The Crease Street Garden, located on the 1200 block of Crease Street, has achieved its milestone of raising the $40,000 needed to trigger a challenge grant from the Penn Treaty Special Services District as part of its bigger goal to raise $100K of the $300K needed to purchase the plot of land it sits on. To this point, the garden has raised over $80,000 in total funds.
“We’re super psyched,“ said Jenni Desnouee, the treasurer of the Crease Street Garden board. “The Penn Treaty Special Services was especially generous with their grant.”
It comes after the garden partnered with the Neighborhood Gardens Trust to help the garden obtain government grants that cover a bulk of its purchase price, with the state contributing the rest. That will, in turn, ensure the garden remains non-privately-owned public land for the foreseeable future.
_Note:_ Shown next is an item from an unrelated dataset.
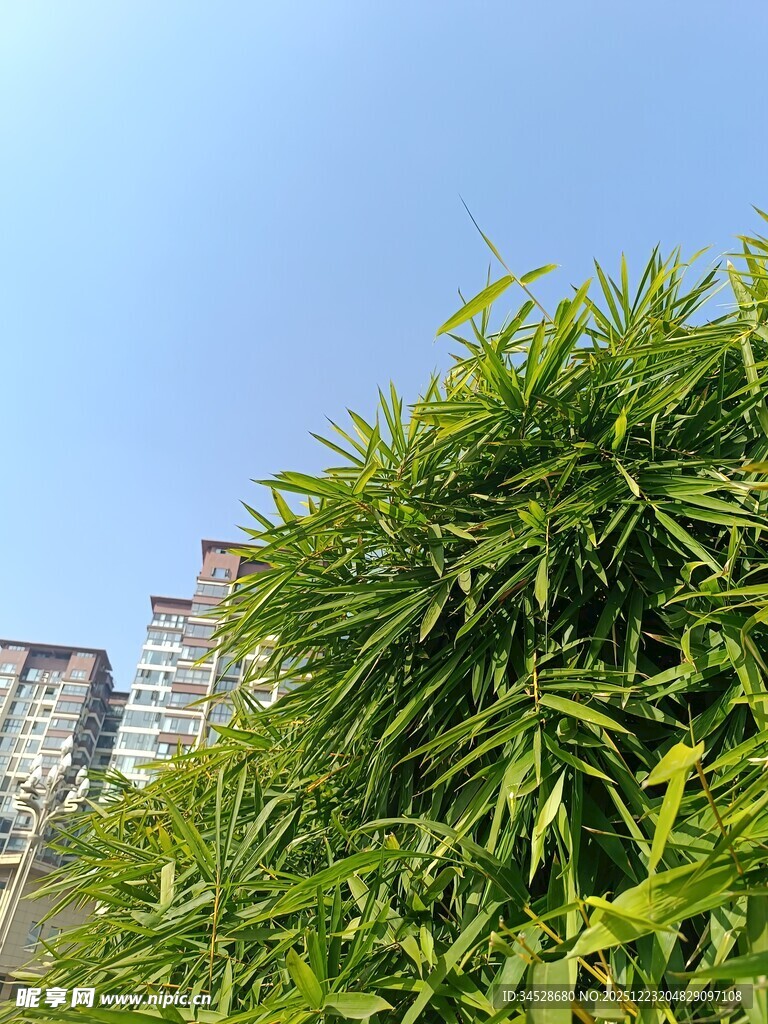 翠绿竹林与远处高楼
“They’re really a nationally recognized leader in securing permanent green space,” Desnouee said. “They’re really going to help us prepare.”
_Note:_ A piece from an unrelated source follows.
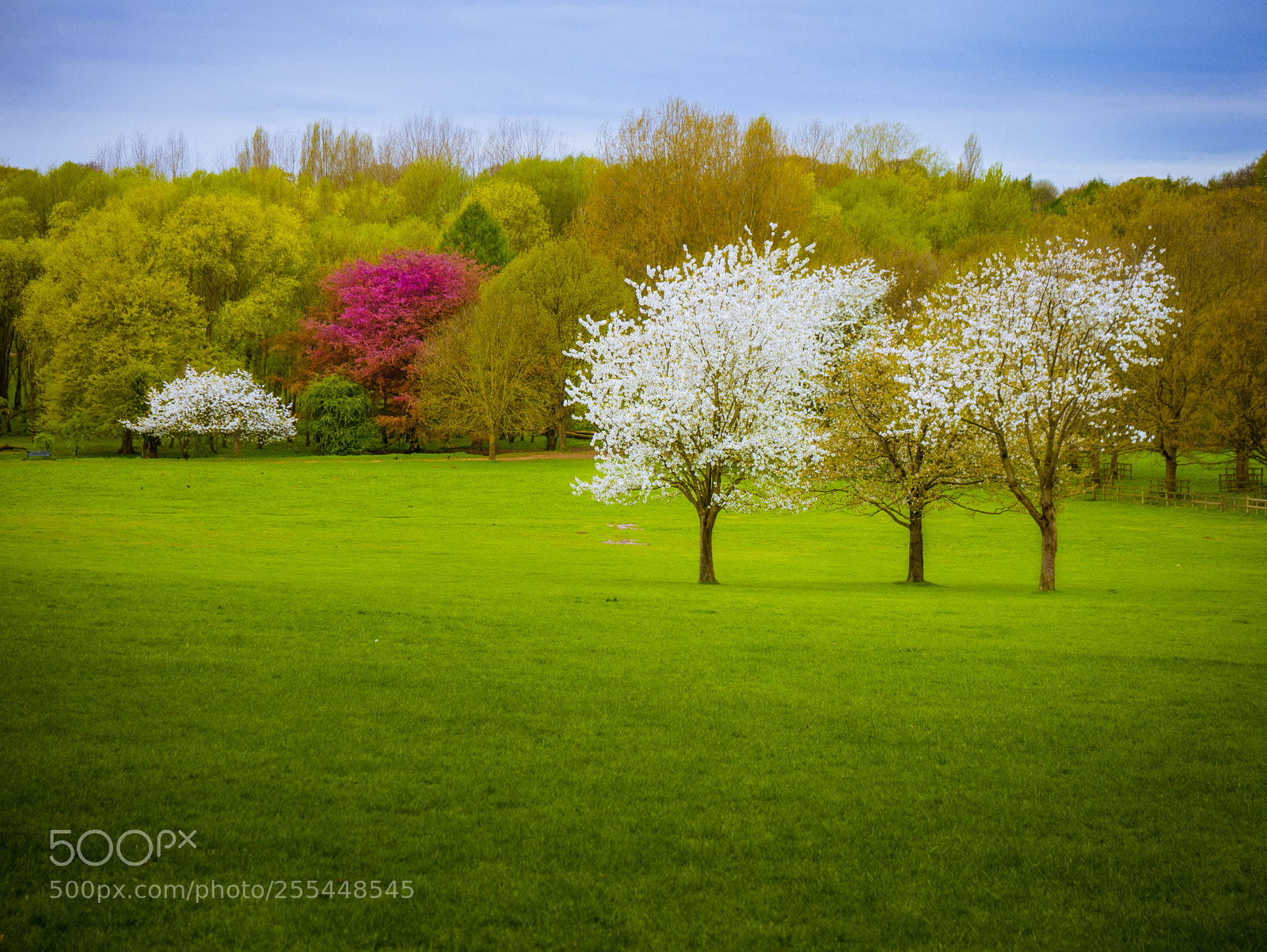 Panasonic Lumix DMC-G7 sample photo. Trees blooming in notts! photography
Up until 2009, the lot currently occupied by the garden was city owned, and due to a lack of upkeep, accumulated a large amount of garbage and overgrown bushes, weeds and vines. Starting that year, in conjunction with local officials, community members worked to clean up the debris and create an ornamental garden that neighbors can enjoy.
The garden in its current state features park benches, picnic tables, an assortment of plants and even a small collection of books. It also hosts public and private gatherings, including community cleanups and gardening events.
Yet with Fishtown continuing to experience rapid development over the years, the garden has been put in a precarious position of late. Desnouee said that ensuring the lot is recognized as a permanent green space is vital to the garden’s future, as it will be protected from outside buyers.
She also added that the community has played a vital role in maintaining the garden’s pristine appearance, ensuring it has the funds necessary to keep the garden in place long term and, most importantly, raising public awareness.
“People now are actually understanding that it’s public and it’s available for them,” Desnouee said. “And it’s really great that people want to use it.”